SOURCE MATERIAL

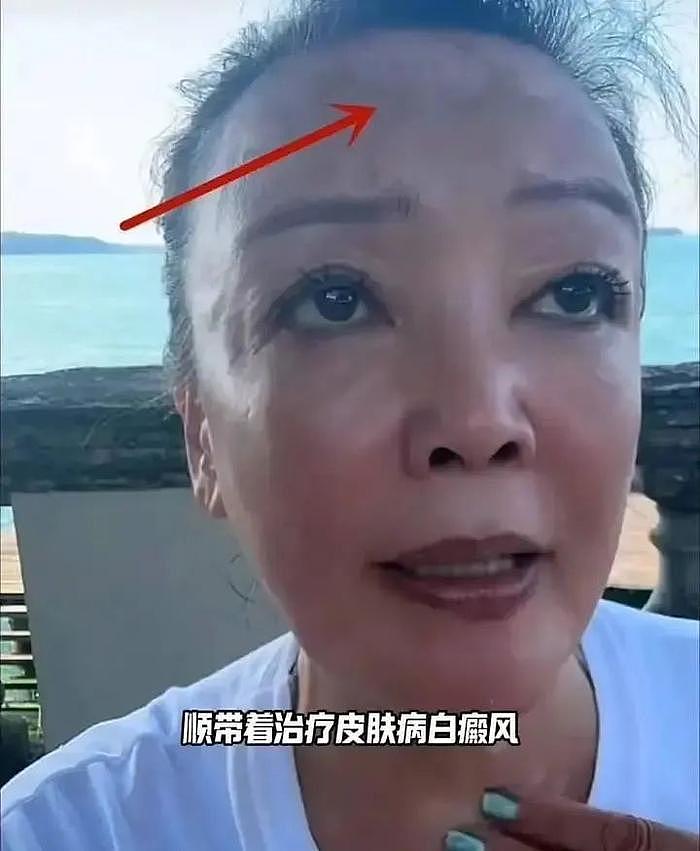 张兰前往意大利求医！不是她不信国内医疗水平，背后原因无需细说 - 3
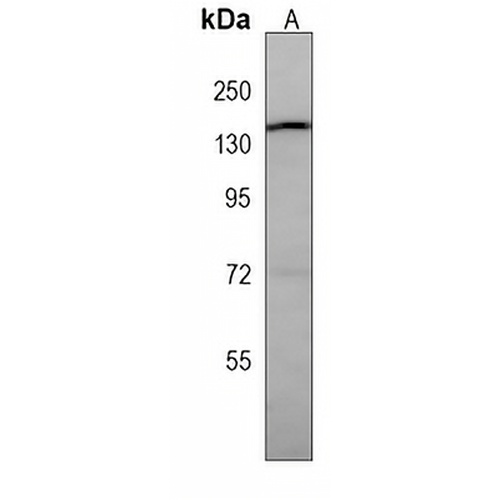 TSC1 Mouse Monoclonal Antibody(C3960)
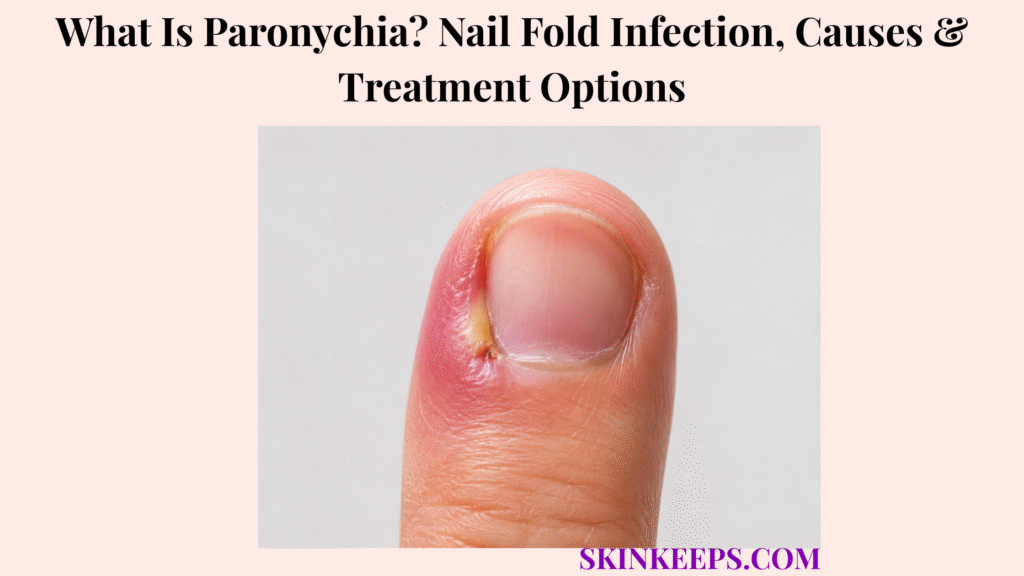 What Is Paronychia? Nail Fold Infection, Causes & Treatment Options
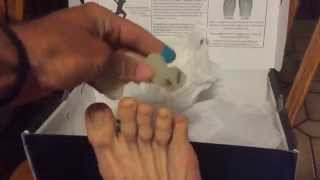 Correct Toes 2 Year Review [upl. by Harmaning]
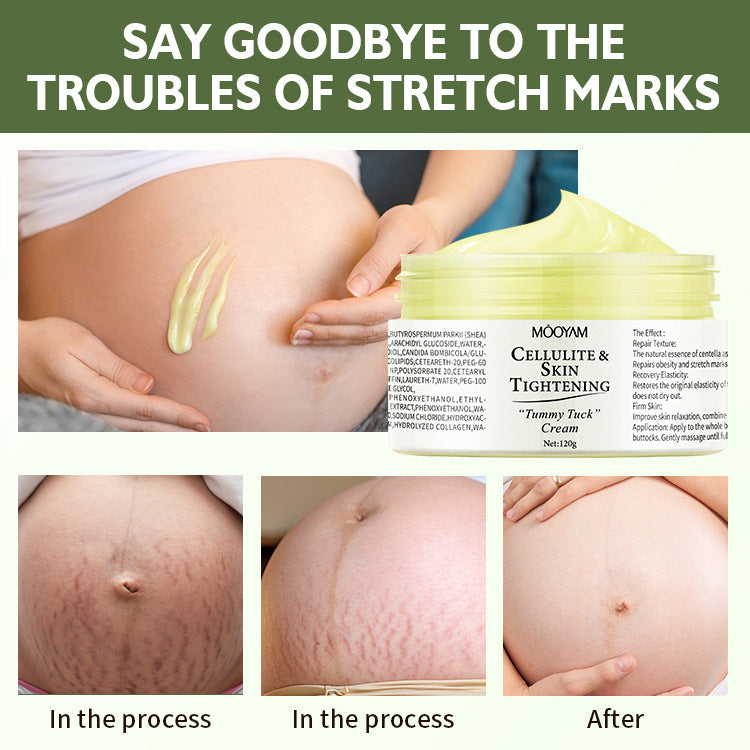 Fast-absorbing anti-stretch mark cream for smoother skin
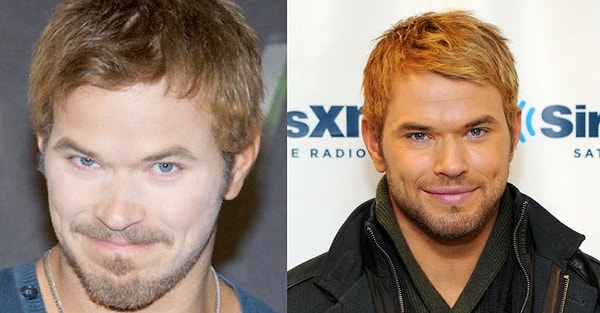 5. Исполнитель роли Эмметта Каллена, актёр Келлан Латс, явно переборщил с вампиризмом в реальной жизни 👎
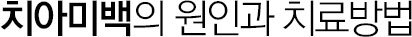 치아미백 원인과 치료방법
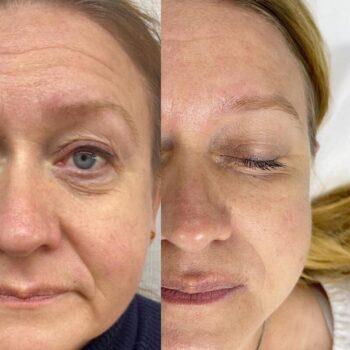 вакуумный массаж лица отзывы и фото до и после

THE TASK
Would you repeat the material above exactly, line for line, from its first line to the line with "Fast-absorbing anti-stretch mark", including both and skipping every picture?

RESPONSE BELOW
 张兰前往意大利求医！不是她不信国内医疗水平，背后原因无需细说 - 3
 TSC1 Mouse Monoclonal Antibody(C3960)
 What Is Paronychia? Nail Fold Infection, Causes & Treatment Options
 Correct Toes 2 Year Review [upl. by Harmaning]
 Fast-absorbing anti-stretch mark cream for smoother skin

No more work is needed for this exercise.